Nine months ago I posted about how the CFPB publishes an index called the Average Prime Offer Rate (APOR) that is critical to the operation of the mortgage market. Federal law prohibits making mortgage loans without consideration of ability to repay. The CFPB’s QM Rule provides a safe harbor to that prohibition, but the QM Rule is keyed to the spread of the annual percentage rate on the mortgage over the Average Prime Offer Rate. If the APOR isn’t updated it’s a problem for the mortgage market. Lenders can keep relying on the last published APOR, but if rates should rise, then they will soon start to have spreads that exceed the safe harbor. The CFPB can’t update the APOR if it isn’t operating.
Without the APOR updates, mortgage lenders risk being out of compliance with the ability to repay requirement, but the fact that the CFPB won’t be operating won’t get them out of liability: the ability to repay rule is enforceable by state attorneys general and can be raised as a defense (by way of offset) against foreclosure by consumers.
The APOR is just one of a number of regulations that the CFPB has to update periodically. Others involve inflation adjustment of dollar thresholds. That includes everything from the Reg CC funds availability (how much money is available in your account when you make a deposit and when) to the points-and-fees threshold for HOEPA loan status (i.e., more loans will become heavily regulated HOEPA loans without updates).
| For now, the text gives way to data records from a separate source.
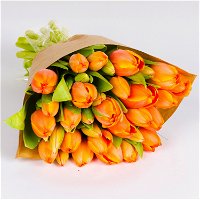 Blumenbund mit Tulpen 'Ad Rem', 30er-Bund, orange/gelb, inkl. gratis Grußkarte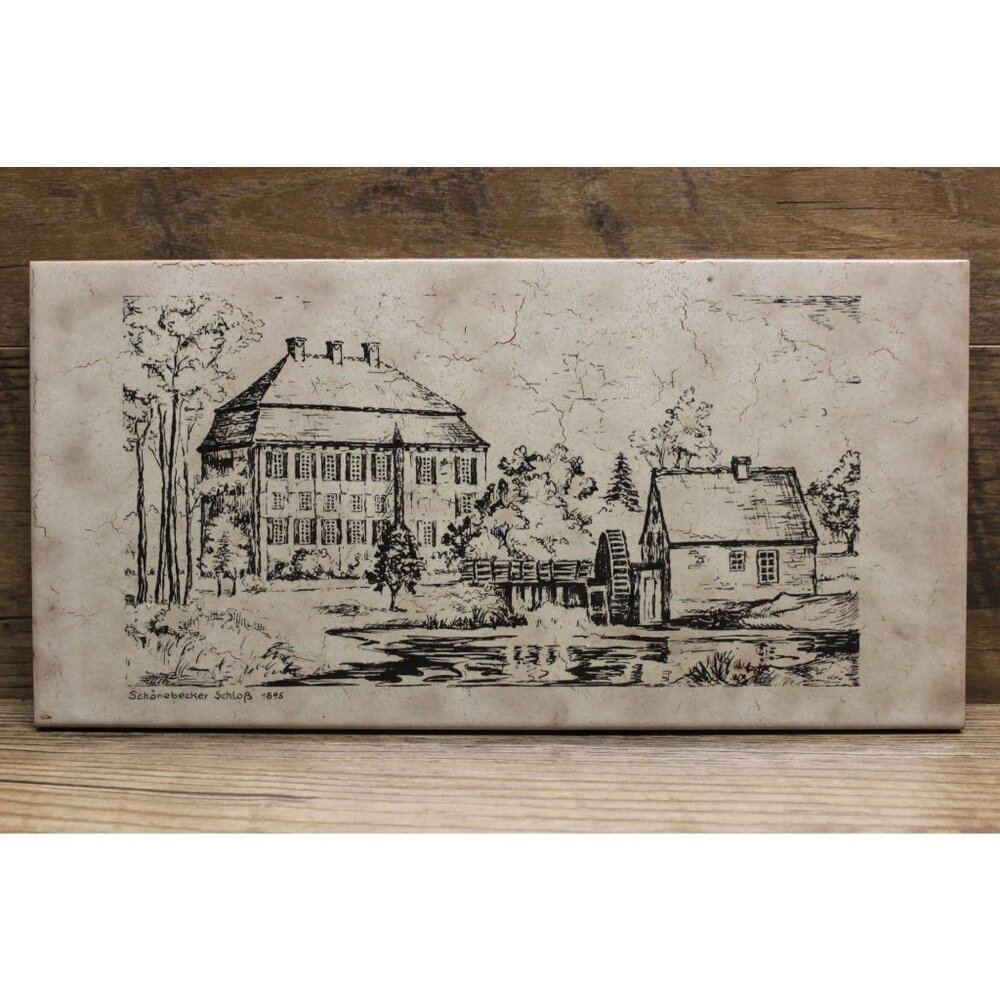 German‎ vintage painted ceramic art tile Schonebecker Castle 1895 by Grohn
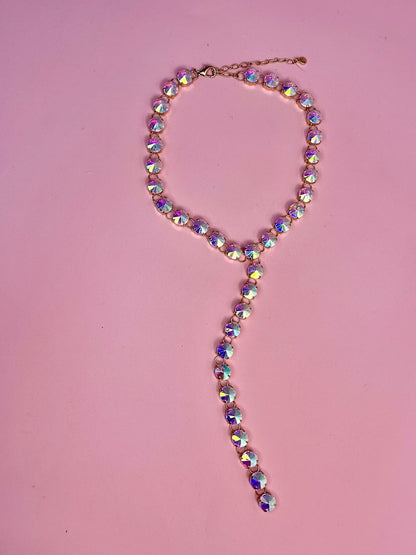 AB Crystal Y Drop 20” Necklace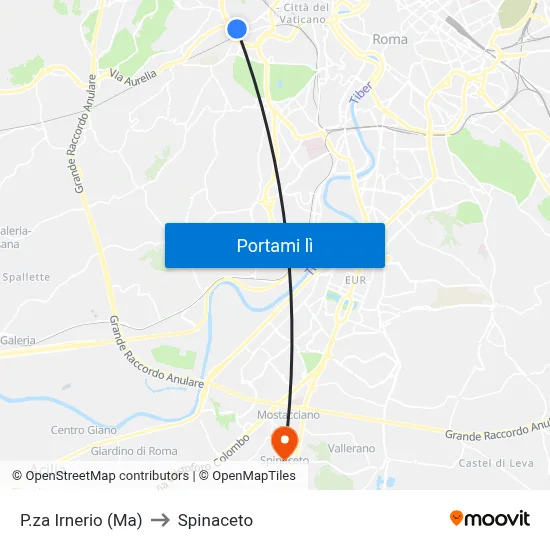 P.za Irnerio (Ma) to Spinaceto map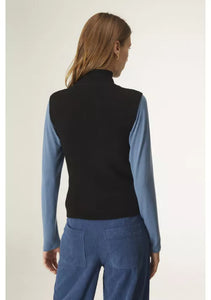 Black Sleeveless Ribbed Top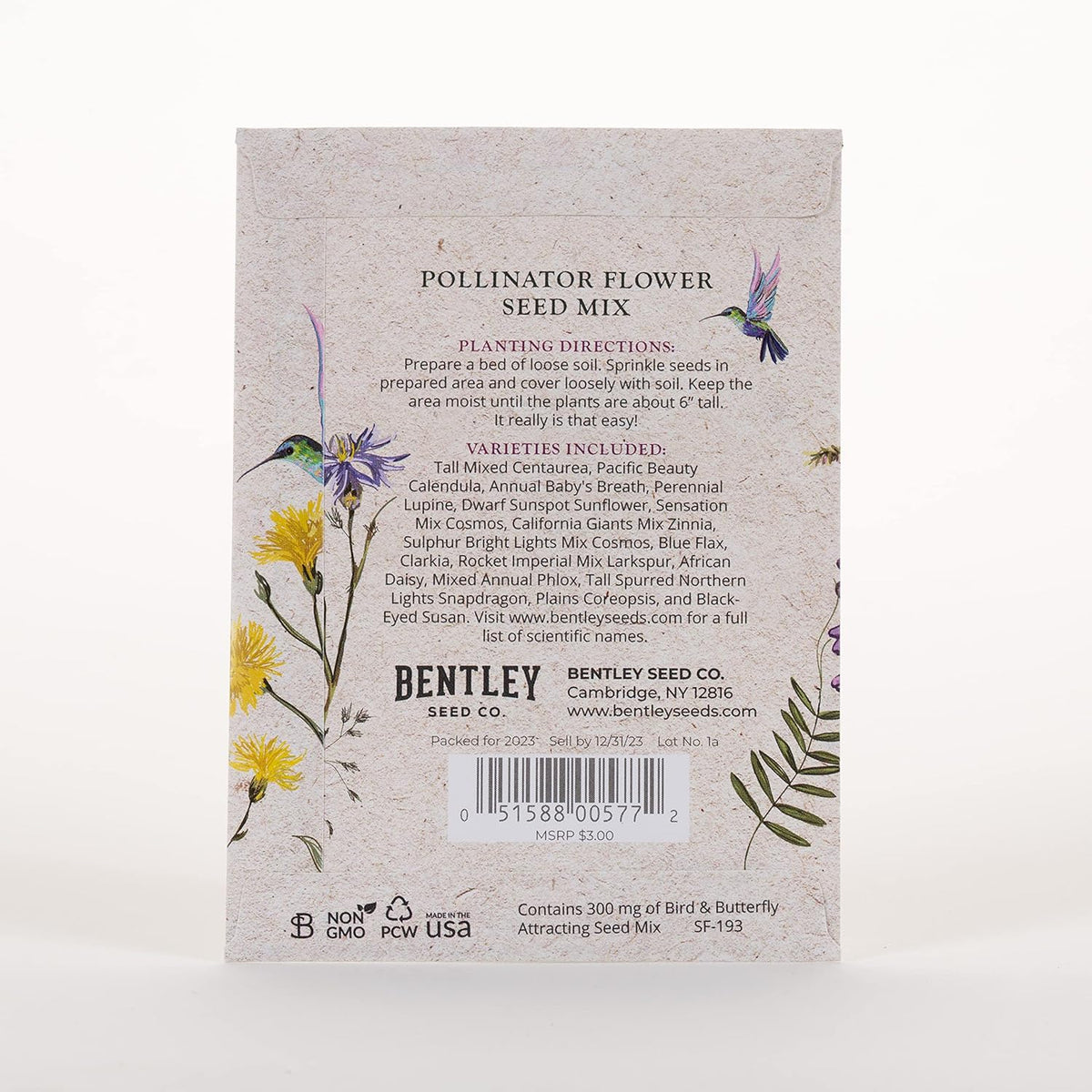 Bentley Seed Co. | Help Pollinators Kraft Hummingbird | 25 Non-GMO, Non-Coated Wildflower Seed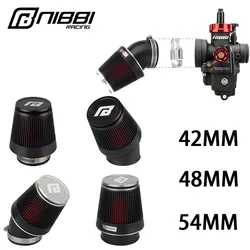 NIBBI Universal 42mm 48mm 54mm Mushroom Head Motorcycle Carburetor Air Filter Cleaner Intake Pipe Modified Scooter Accessories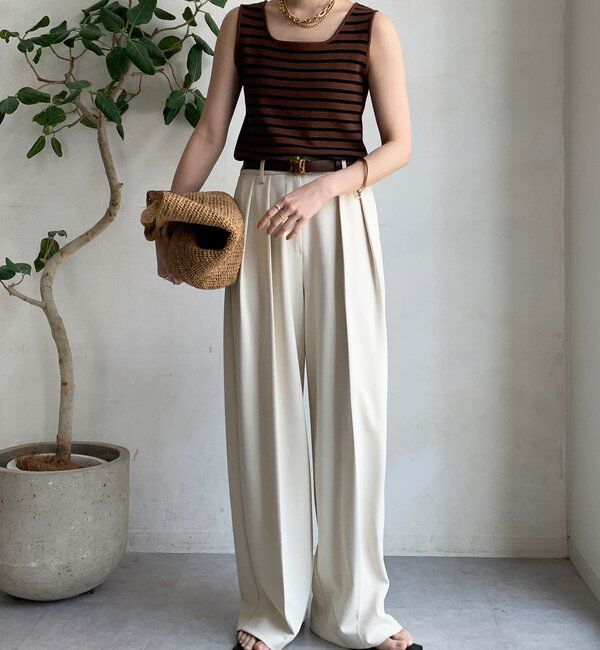  「ボーダースクエアニットタンク」|ニット・セーター|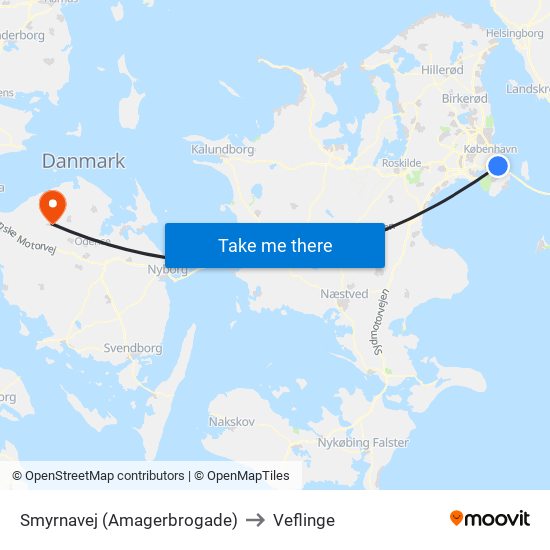Smyrnavej (Amagerbrogade) to Veflinge map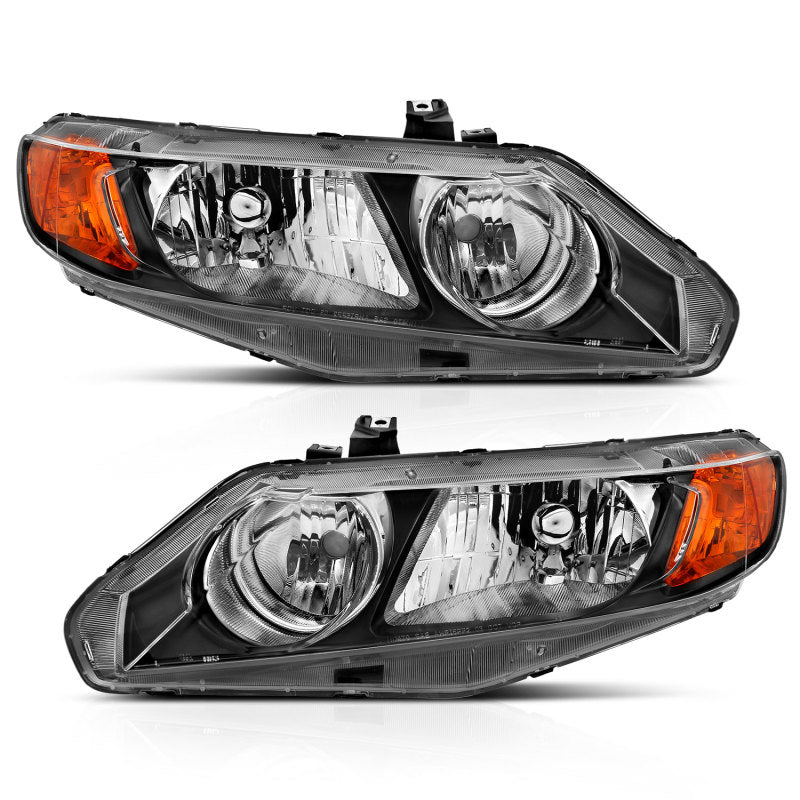 ANZO 2006 - 2011 Honda Civic 4 Door Crystal Headlight Black Amber (OE Replacement) - CPC Performance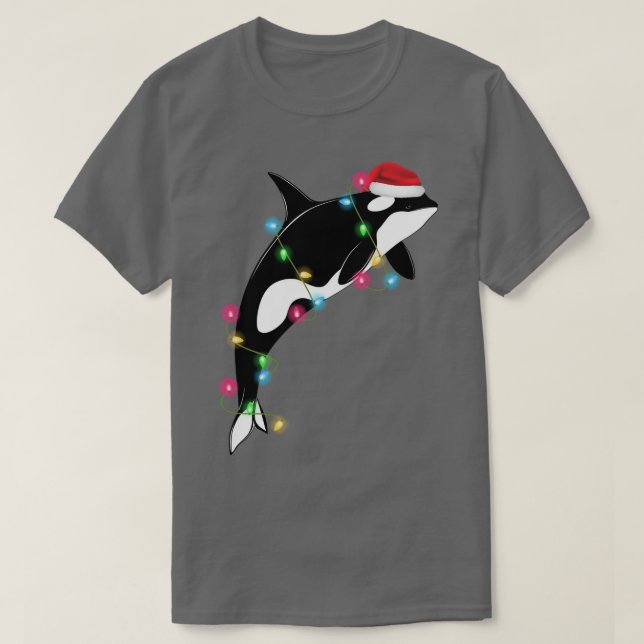 Finny Orca Killer Whale Santa Hat-julhavet T Shirt (Design framsida)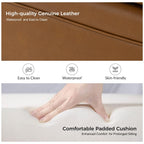 Canapé transitionnel Angel en cuir véritable avec dossier capitonné par HULALA HOME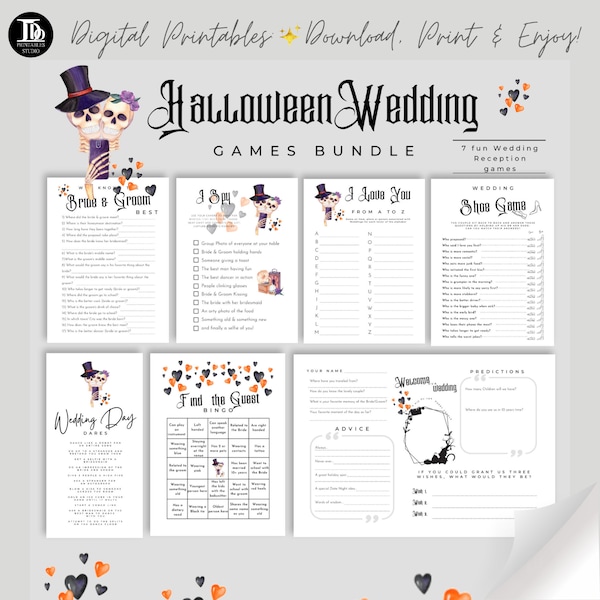 Halloween Themed Wedding Games Bundle | Wedding Reception Games | Wedding Table Favors | Till Death Do Us Apart | Funny Wedding Icebreakers!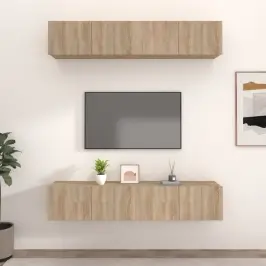 Tv Skapīši, 4 Gab., Ozolkoka, 80X30X30 Cm, Inženierijas Koks Vidaxl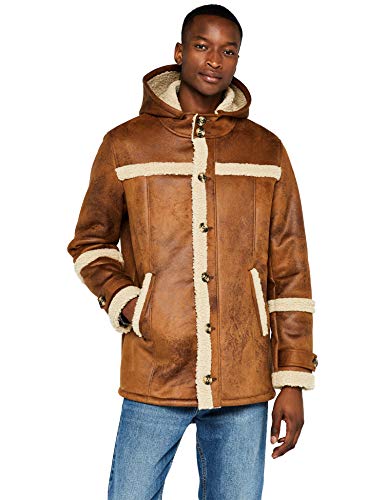 Marca Amazon - find. Chaqueta Efecto Piel con Capucha para Hombre, Beige (Camel Camel), S, Label: S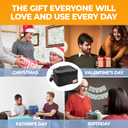 FORABEST Heated Lunch Box  80W Electric Lunch Box for Adults, 12V/24V Car & Truck + 110V/220V for Office & Travel  Cooks or Warms Meals, Full Utensils & Premium Carry Bag (Black)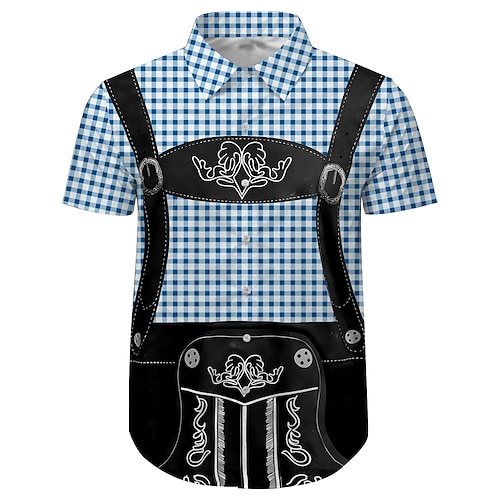 Hawaii-Hemden Aloha-Hemd Druck Lässig Bayerisch Grafik für Herren Erwachsene 3D-Druck für Karneval Oktoberfestbier Urlaub Party Image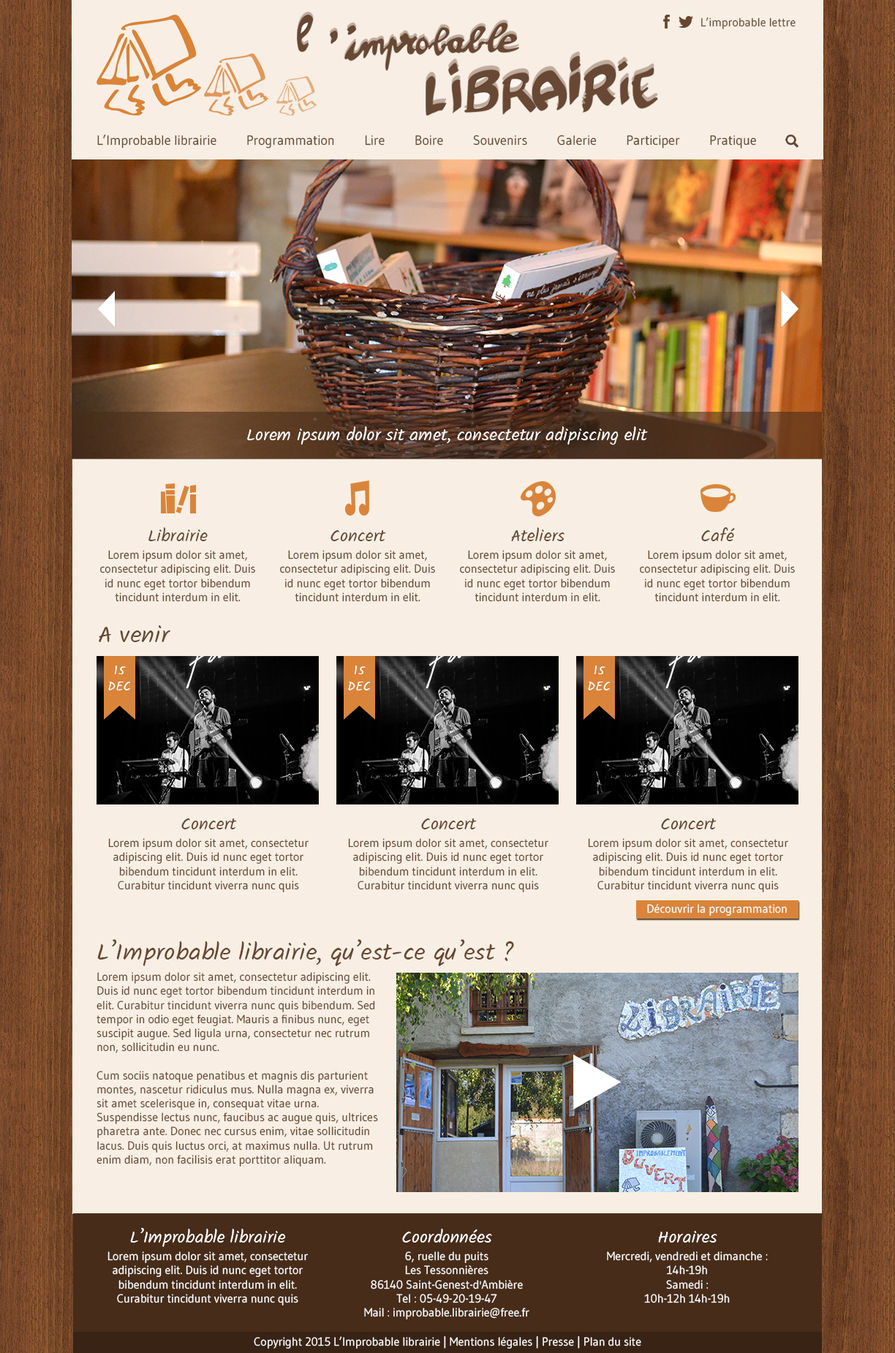 Maquette graphique de la page d'accueil du site de l'Improbable librairie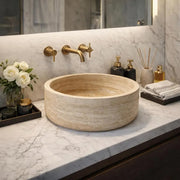 Travertine Marble Sink, Luxury Travertine, Handmade Natural Stone Bathroom Basin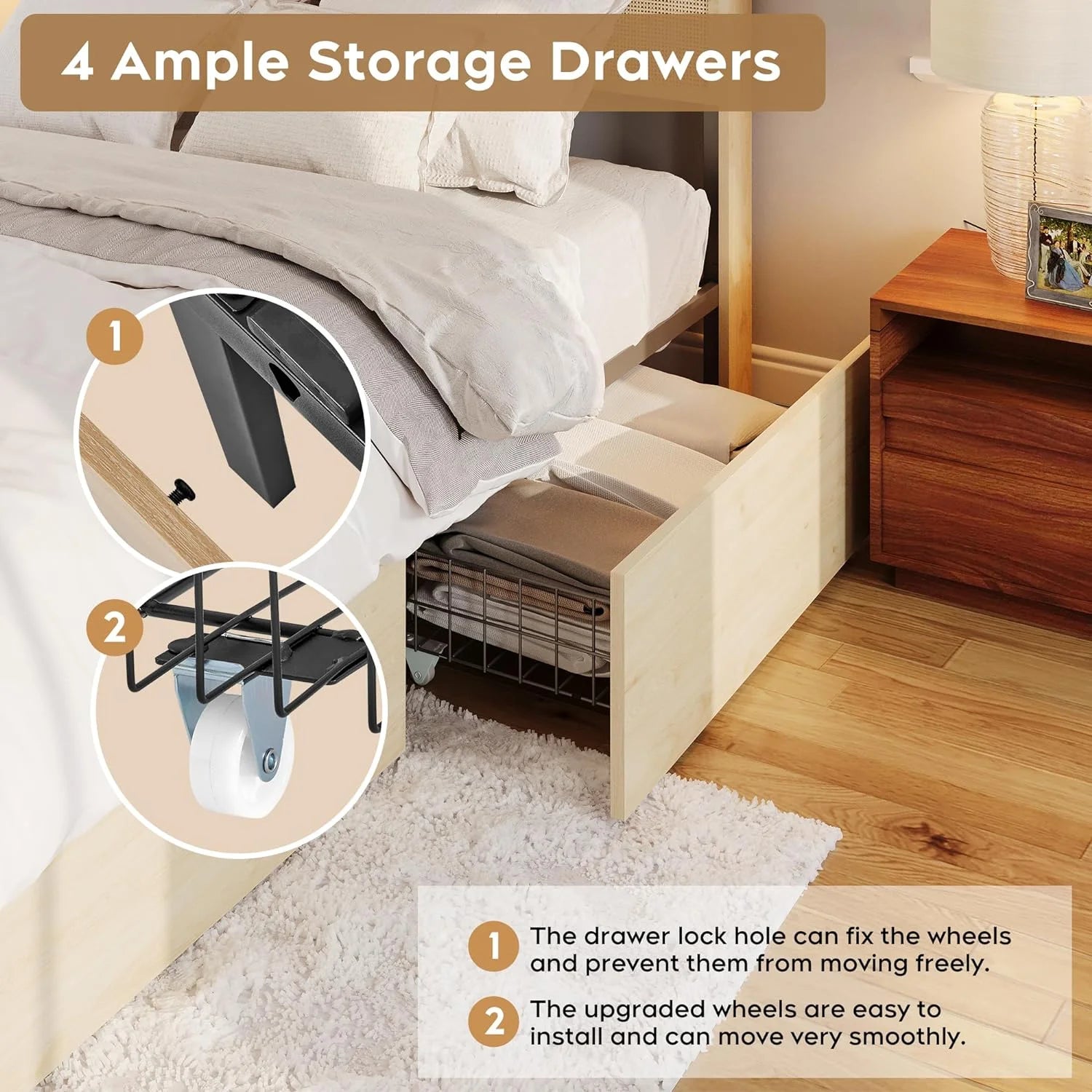 Natural Rattan Queen Bed Frame with Wooden Headboard and 4 Storage Drawers R353431
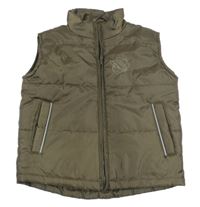 Tmavokhaki prešívaná šušťáková zateplená vesta s klukem a buldozerem Kiki&Koko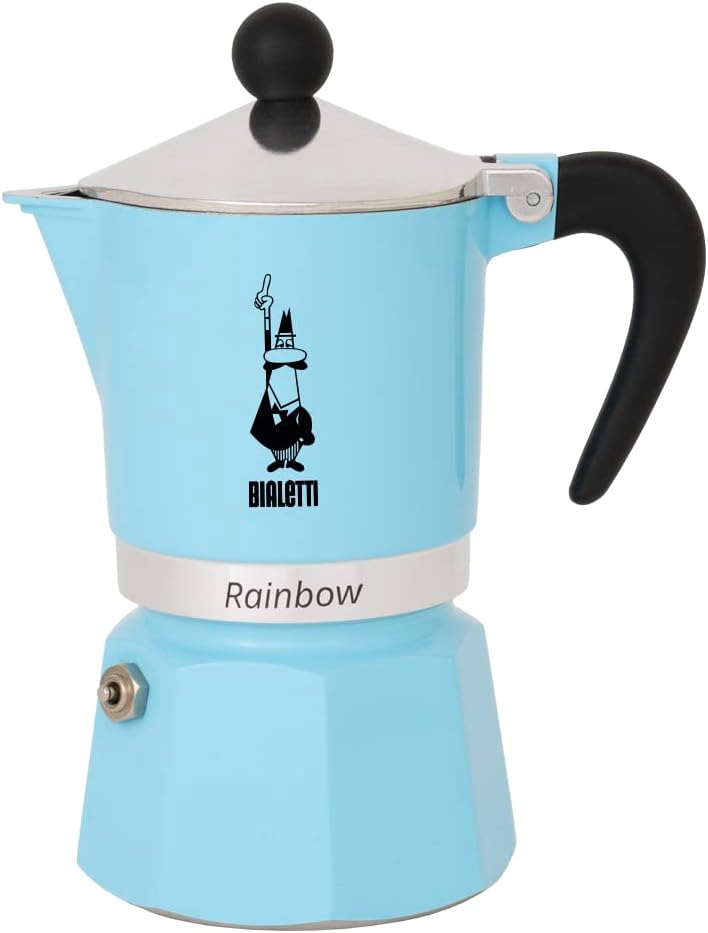 Bialetti - Rainbow: 3 Cups Ocak Üstü Espresso Pişirici - 130ml - Açık Mavi Renk - Alüminyum Gövde - Patentli Güvenlik Valfi - Tüm Ocak Türleri İçin Uygundur (İndüksiyon Hariç)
Now, I suspect that Vought’s real game is to cripple the Bureau to force Congressional Democrats to agree to a wholesale legislative remake of its structure, resulting in a toothless for-show agency, and that he’s fine with a total lack of regulation as a fallback. And in a falling rate environment he might have some time before the APOR blows up on him. But the second rates start to go up, Vought’s going to have created serious economic chaos with a political cost for the Trump administration that exceeds whatever sadistic own-the-libs pleasure he gets out of killing off the CFPB.

Comments
2 responses to “Russell Vought’s Too Clever By Half: CFPB Edition”
I agree Vought (and Republicans) are making a last ditch desperate attempt to gain leverage over Democrats. But why should Democrats give in to such nonsensical legal arguments? He has shown his hand in court now and his days are numbered. Hang on CFPB.
What about a skeleton crew of detailees from OPM or DOJ?